Jammer genoeg heeft die natuurlijke interesse ook ongewenste neveneffecten. Ze zorgt er mee voor dat bijzondere beweringen zich soms als een lopend vuurtje verspreiden. Dat gaat grotendeels vanzelf: denk maar aan stadslegendes of broodjeaapverhalen. Die zijn vaak lichtvoetig, maar kunnen ook bijdragen aan minder grappige fenomenen. Denken we hierbij aan voorvallen van onterechte massapaniek (vaak uit angst voor ziektes als hiv-aids) of lasterlijke verhalen aan het adres van bepaalde bevolkingsgroepen. Van de Middeleeuwen tot het nabije verleden waren dat typisch de joden. De gevolgen zijn bekend.

Bewuste beïnvloeding

Onze ingebakken menselijke manieren van informatievergaring slaan als het ware op hol. Daardoor ontstaan broodje-aapverhalen en gelijkaardige memen (eenheden van zichzelf verspreidende culturele informatie, naar analogie met genen) vaak spontaan, ongeacht de samenlevingsvorm of graad van scholing. Deze kwestie heeft trouwens maar weinig met intelligentie te maken: hoogopgeleide mensen geloven doorgaans gewoon complexere nonsens.

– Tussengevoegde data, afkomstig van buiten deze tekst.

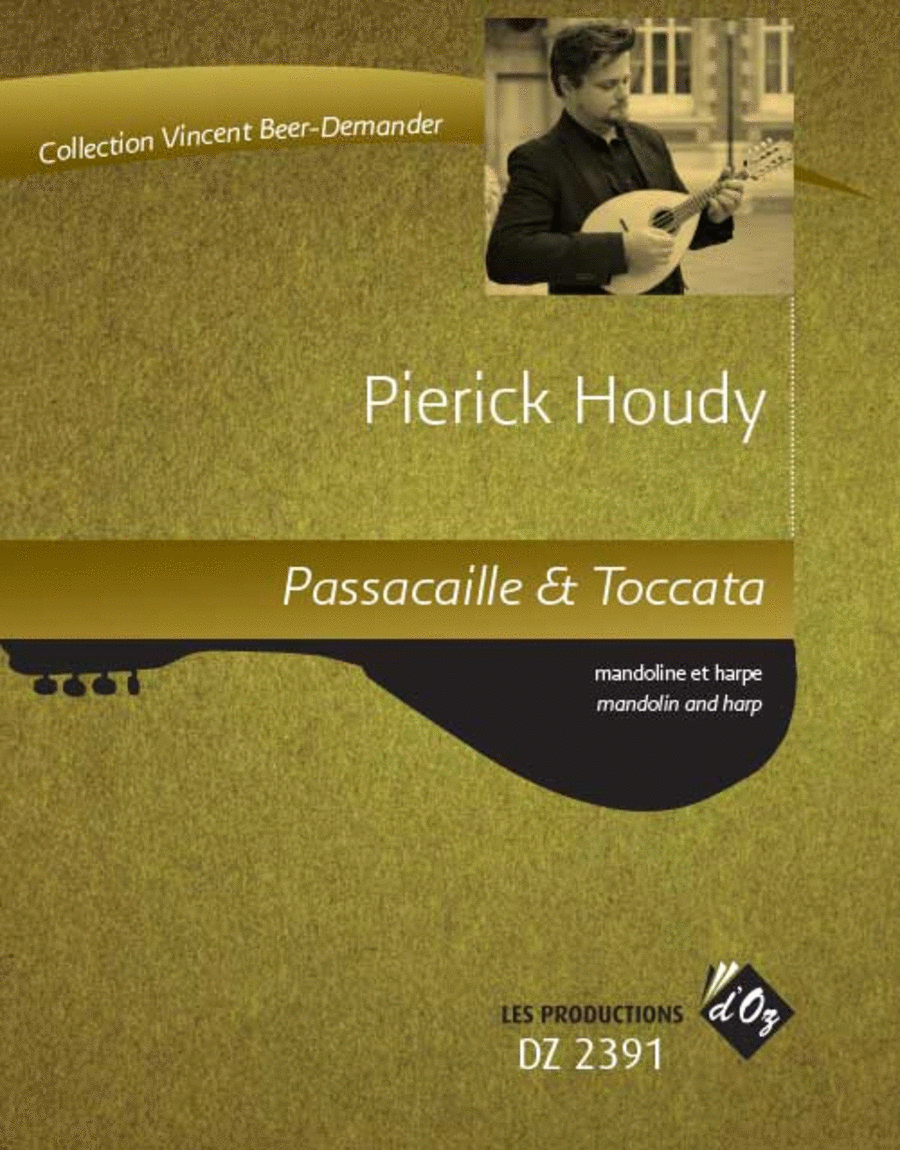 Passacaille & Toccata Mandolin scores gallery preview page 1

Andere slimmeriken, daarentegen, weten precies hoe ze deze typisch menselijke tekortkomingen voor hun eigen doelen kunnen gebruiken. Ze duwen als het ware op de juiste knopjes en laten hun boodschap daarna zichzelf verspreiden. Denk maar aan de talloze reclames over een gezellige familieomgeving of grappige situatie die met het product zelf eigenlijk helemaal niets te maken hebben. Maar even goed aan de aanlokkelijke titels van zogenaamde clickbait websites (“Deze man kwam thuis en vond zijn vrouw niet. Je gelooft NOOIT wat er toen gebeurde…”). Ook de klassieke media generen zich over het algemeen niet om een straf citaat uit een interview te lichten om vervolgens de eigenlijke inhoud achter een betaal- of advertentiemuur te verstoppen.

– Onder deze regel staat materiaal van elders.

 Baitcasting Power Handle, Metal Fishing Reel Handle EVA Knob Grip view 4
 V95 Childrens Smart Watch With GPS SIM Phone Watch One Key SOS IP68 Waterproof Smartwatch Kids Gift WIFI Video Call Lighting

Maar de motieven hoeven niet altijd zuiver financieel te zijn. Intussen weet denk ik iedereen hoe autoritaire regimes de media in binnen- én buitenland bespelen om de bevolking te beïnvloeden en hun eigen doelstellingen te helpen realiseren. Ook andere verspreiders van desinformatie weten heel goed hoe ze de aandacht van burgers kunnen trekken. Niet voor niets kun je geen antivax publicatie openslaan zonder ergens een gigantische naald te zien, al dan niet met huilend kind ernaast. Dat roept spontane gevoelens op bij ieder normaal mens.

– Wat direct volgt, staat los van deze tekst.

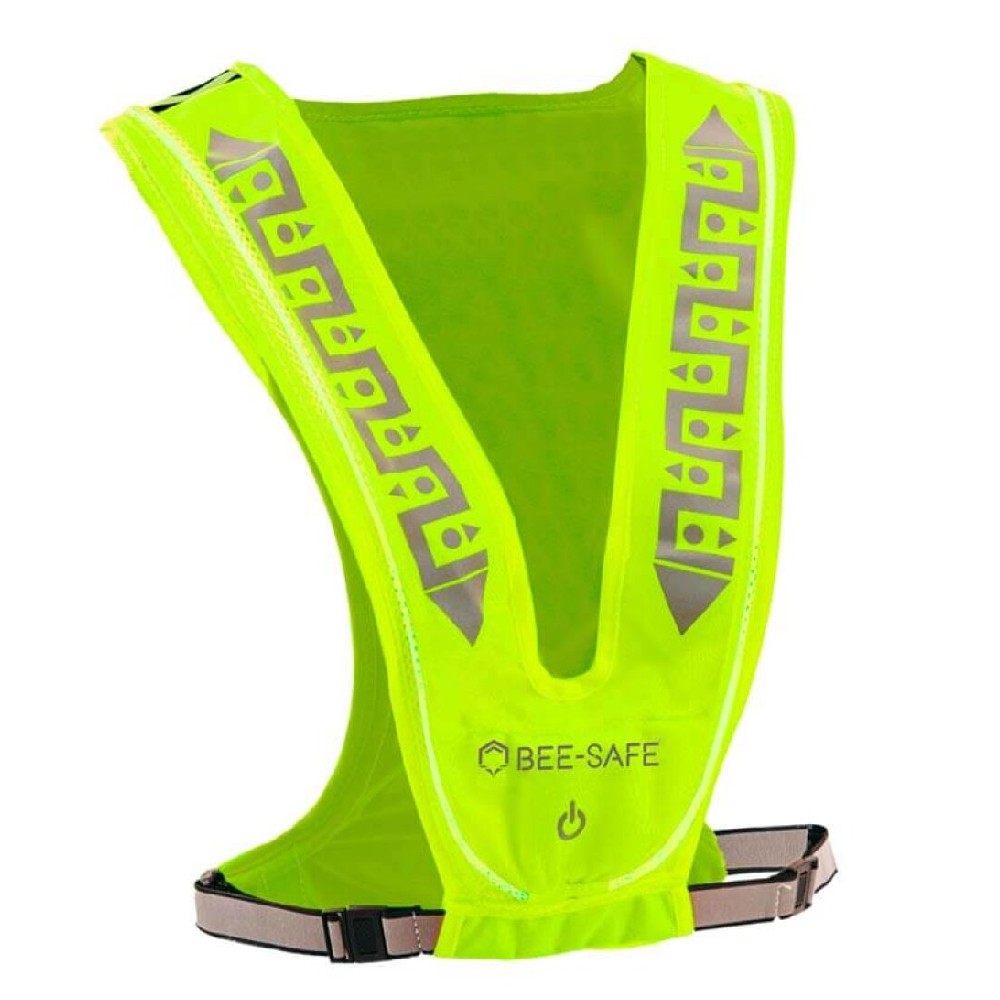 Bee Sport LED Vest USB - Lime - Endurance Sport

Omdat ziekte en alle onzekerheid die daarmee gepaard gaat nu eenmaal deel uitmaakt van het leven van ieder mens doen verhalen over wonderbaarlijke genezingen of vermeend medisch wangedrag het ook altijd erg goed op de informatiemarkt. Alternatieve therapeuten buiten dat steevast uit, ook al is de waarde van individuele getuigenissen en anekdotes in de wetenschap in het algemeen bijzonder beperkt. Complotdenkers weten heel goed waar ze leiders of publieke figuren – al dan niet expliciet – van moeten beschuldigen om een maximale hoeveelheid verontwaardiging te veroorzaken en mensen mee in hun verhaal te trekken. Ironisch genoeg is dat waar ze diezelfde leiders vaak van beschuldigen, typisch met het onheilspellende woord ‘narratief’. Enzovoort.

Betrouwbaar bewijs

Maar hoe kunnen we nu bepalen wie er bewust manipulatieve nonsens verspreidt, en wie gewoon écht een maatschappelijk pijnpunt aankaart? Wetenschappelijke en sociale vooruitgang is toch vaak pas na veel weerstand ontstaan? Sommige inmiddels wetenschappelijk aanvaarde concepten (zoals de kwantummechanica) zijn toch óók haast onbegrijpelijk voor de meeste mensen?

Dat is zeker niet onjuist. De meer volleerde alternatief denkers vergelijken zichzelf graag met Galileo Galilei: die werd toch ook eerst verketterd?

Wat deze onbescheiden praatjesmakers over het hoofd zien, is het bewijs dat Galileo voor zijn stellingen leverde. Dat was wiskundig volkomen waterdicht. Toen vacuümpompen werden uitgevonden, kon iedereen bovendien met eigen ogen vaststellen dat een kilo veren en een kilo stenen in het luchtledige even snel vallen. Hetzelfde geldt voor de stellingen van Einstein, die aanvankelijk ook als ongelooflijk werden ervaren. Zeker sinds de ontdekking van genetica en het uitbreiden van de moleculaire biologie is de hoeveelheid bewijsmateriaal voor de evolutietheorie van Darwin zodanig verpletterend dat wie ze verwerpt dat eigenlijk om ideologische redenen doet.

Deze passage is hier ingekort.